Today, no one doubts the sincerity of his experience. In “What can I do for you?”, Dylan was singing to God: “You have laid down Your life for me.”. And his prayer was sincere. He could say: “I've escaped death so many times, I know I'm only living/By the saving grace that's over me.” Dylan was truly grateful. He really believed in what he was singing, and ultimately he suffered by making his faith public. That is the picture that Francesco Clemente also paints in another book about that time, when Dylan seemed to be so stubborn and steadfast about his beliefs. But he soon discovered another reality: “It's the ways of the flesh to war against the spirit/Twenty-four hours a day you can feel it and you can hear it” (Solid Rock).
What then remains of his faith? Many have asked me the same question since the essay that I did on Dylan in 1985 for the Spanish publisher Andamio. The truth is that I still don’t know what to say. It is difficult to know anything with any certainty about the living legend. His interviews tend to be based on laconic statements; he hardly has a social life; and he hardly ever says anything during his concerts. In one of the latest biographies, the London journalist Howard Sounes clearly states that Dylan has never renounced his faith in Jesus.
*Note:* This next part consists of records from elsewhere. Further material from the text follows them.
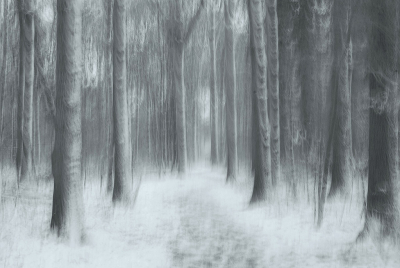 <i class='fa fa-user'></i>&nbsp;Nel R&nbsp;|  Winter&nbsp; <i class='fa fa-eye'>&nbsp;161</i> &nbsp;<i class='fa fa-thumbs-up'>&nbsp;21</i> &nbsp; <i class='fa fa-comment-o'>&nbsp;15</i>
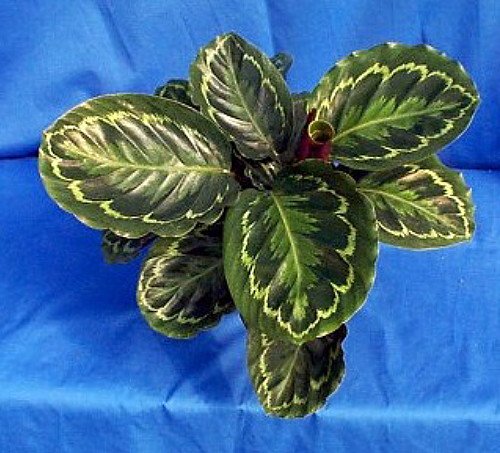 Medallion Prayer Plant - Calathea 4'' Pot - Easy House Plant #TOP2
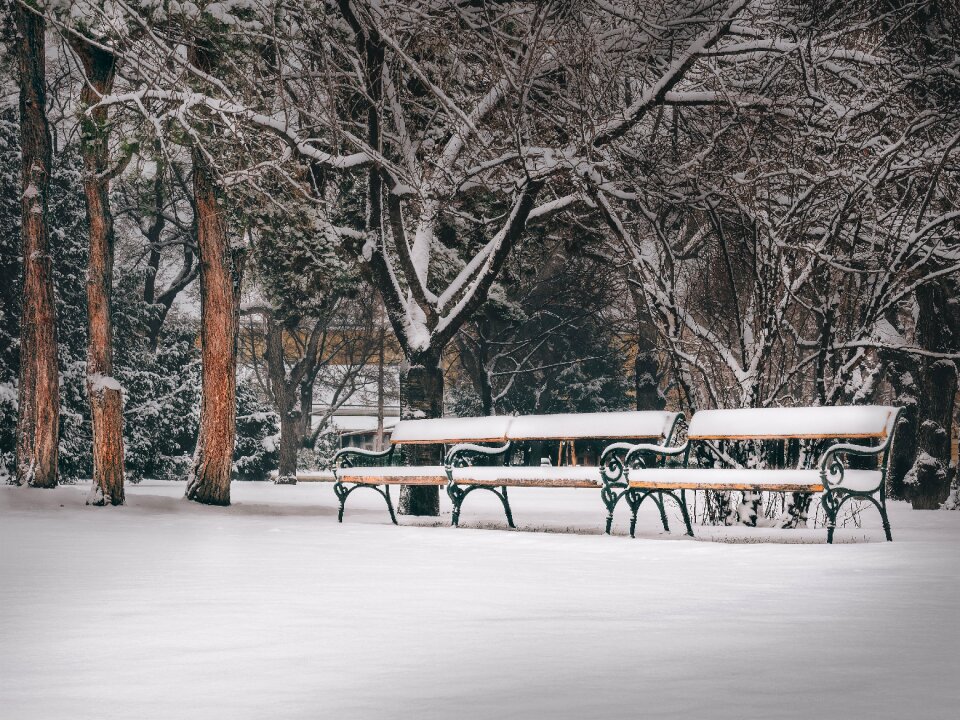 Benches trees snow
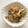 きらり流れ星's cooksnap of when they made ナスとエリンギのレンジで簡単胡麻和え.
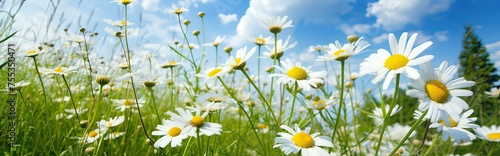 Field of daisies on a background of blue sky with clouds. Web banner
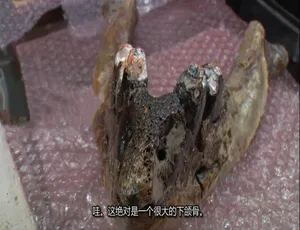 古物奇谭 1080P高清 第一季全9集 原声中字 揭秘千年珍宝-蓝海网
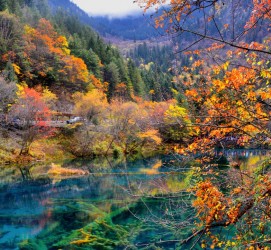邳州四川旅游攻略(四川旅游攻略十五日游)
However, the lyrics of some of his songs point to a spiritual battle.
“Satan whispers to ya, "Well, I don't want to bore ya,/But when ya get tired of the Miss So-and-so I got another woman for ya." He sings in “Trouble in Mind”. These are probably some of the most revealing verses that Dylan has ever written. Here we see the reality of his problem, which is clearly seen in his difficult relationship with sex. That is what “you're all the time defending what you can never justify.”… “Everybody's doing it so I guess it can't be wrong.” Here lie all his fears, doubts and the source of his misery, that have jostled in his mind all these years. His biography shows us how he goes from one relationship to another, hoping that a woman will redeem him from his anxiety, which makes him call to God: “Lord, take away this trouble in mind.”.
“Here comes Satan, prince of the power of the air,/He's gonna make you a law unto yourself, gonna build a bird's nest in your hair./He's gonna deaden your conscience 'til you worship the work of your own hands,/You'll be serving strangers in a strange, forsaken land.”
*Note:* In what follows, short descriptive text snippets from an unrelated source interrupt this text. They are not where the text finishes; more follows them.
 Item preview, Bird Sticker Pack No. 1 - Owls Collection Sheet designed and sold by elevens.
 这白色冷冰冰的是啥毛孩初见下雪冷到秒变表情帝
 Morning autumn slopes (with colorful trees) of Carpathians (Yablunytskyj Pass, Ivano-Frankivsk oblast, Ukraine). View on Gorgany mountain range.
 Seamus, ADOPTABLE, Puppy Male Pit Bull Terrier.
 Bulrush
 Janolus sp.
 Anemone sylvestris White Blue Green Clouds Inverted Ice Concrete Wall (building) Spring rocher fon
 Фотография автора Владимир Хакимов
I cannot listen to these word in “Trouble in Mind” without thinking of Dylan now, alone and isolated. That is why some of us continue praying for him, that he may find the peace that he has still not found. Because as he knows full well, as it is one of his favourite songs, “But you're gonna have to serve somebody, yes/Indeed you're gonna have to serve somebody/Well, it may be the devil or it may be the Lord/ But you're gonna have to serve somebody.”